Soon, Burke was sending Taylor digital images of himself and his daughter, as well as a shot of his palatial home in Winnipeg. He told her he was anxious to relocate to Seattle, where he hoped to become the city’s next impresario. More than two months and some 100 e-mails later, they agreed to meet in person at a local family restaurant — the very one Taylor sits in now.

“The first thing that went through my mind when I saw him was, ‘You fibber,’” Taylor says, shaking her head and laughing. He wasn’t quite as tall and slim — nor nearly so dashing — as the man in the picture had been. “The only reason I knew it was him was that he looked right at me and said, ‘Hello Catherine.’”

Despite his portly appearance — five feet eight inches and tipping the scale at 350 pounds — Taylor was charmed. Burke spoke in a thick Irish brogue, and was full of stories of his impoverished youth in Ireland. His mother had died when he was nine years old and he’d been raised by his abusive, alcoholic father. At the age of 12, he left home and lived for some time in a Belfast pub. Eventually, he had won a scholarship to the prestigious Trinity College, where he met a small cadre of political radicals who recruited him into the IRA. He was trained as a spy.

“I was fascinated by his intelligence, his background and his humour,” Taylor says. “I was totally at ease with him. He was just like a big teddy bear. We chatted for hours that night.”

Photo courtesy of Le ChâteauShe remembers stroking Burke’s hand across the table as he wept quietly, describing the tragic death of his first wife, Kathleen, a Catholic who had been blown up in an IRA bombing just steps from their apartment. Devastated and desperately seeking to forget his loss, Burke fled to North America.

That first meeting at the Kit Carson gave way to an intense, eight-month relationship. They determined to go into business together and, although theirs never amounted into a full-blown love affair, Burke clearly wanted romance, Taylor says. At times, she believed she was falling in love with the charming millionaire.

They spent two weeks together of each month, traveling up and down the west coast scouting theatres, stadiums and concert halls for use as potential business venues. They took cottage vacations together, combining business and pleasure.

“He loved to have the best of everything,” Taylor says. “He wanted to stay in the best places. Wherever we traveled, it has to be the top of the line, five-stars.”

“I teased him about being part of the Mafia because he was always in black,” she says. “But he was nothing like that. He was just a kind, soft-spoken Irishman who gave every Bubba on the street money, and he was very generous.” That’s why, at least in part, the truth about him came as such a shock.
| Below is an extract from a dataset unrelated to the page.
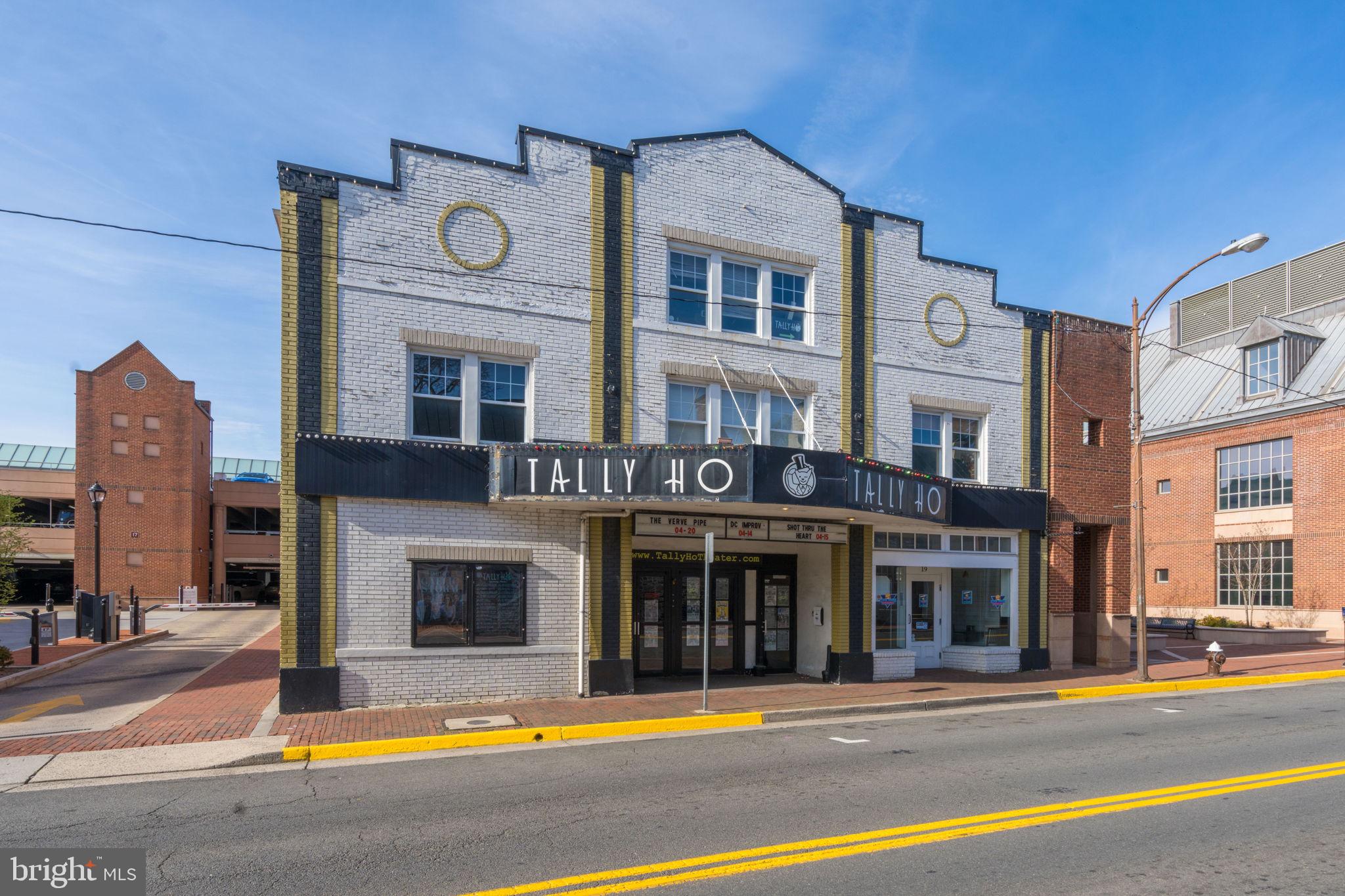 OAKLAWN - Residential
One day, when Burke failed to show up for their meeting, Taylor began to worry. His cellphone had been disconnected. Fearing the worst, she logged onto the Internet for Winnipeg news.

Nothing could have prepared her for what came next. There, on the front page ofThe Winnipeg Sun was a picture of Burke, or rather, a 48-year-old Manitoban named Klaus Burlakow, with the headline: “Bureaucrat’s holdup stuns city hall: Retiree faces nine counts of armed robbery.” The man Taylor knew as Patrick Burke had been arrested three days earlier, following a high-speed police chase, and charged with robbing nearly $50,000 from Canadian banks.

“I just started to shake,” Taylor says. “I went into total shock.” Burlakow wasn’t a self-made business tycoon, but a former City of Winnipeg bureaucrat who was apparently happily married, with two children.

It took a few weeks, but eventually, Burlakow managed to phone Taylor from the Winnipeg Remand Centre — where he spent several months before sentencing — to explain his side of the story. He claimed he was trying to escape his dead-end upbringing. He said he’d gotten mixed up with some shady characters whom he owed money and that he was robbing banks to pay them off. At the time, Taylor was still too awestruck to challenge him on the accent or the details of his story.

“How could I have been so bamboozled?” she says. “I think he just wanted another life, to be someone else. I was playing a part in his life he wanted. I was his Meg Ryan in Seattle.”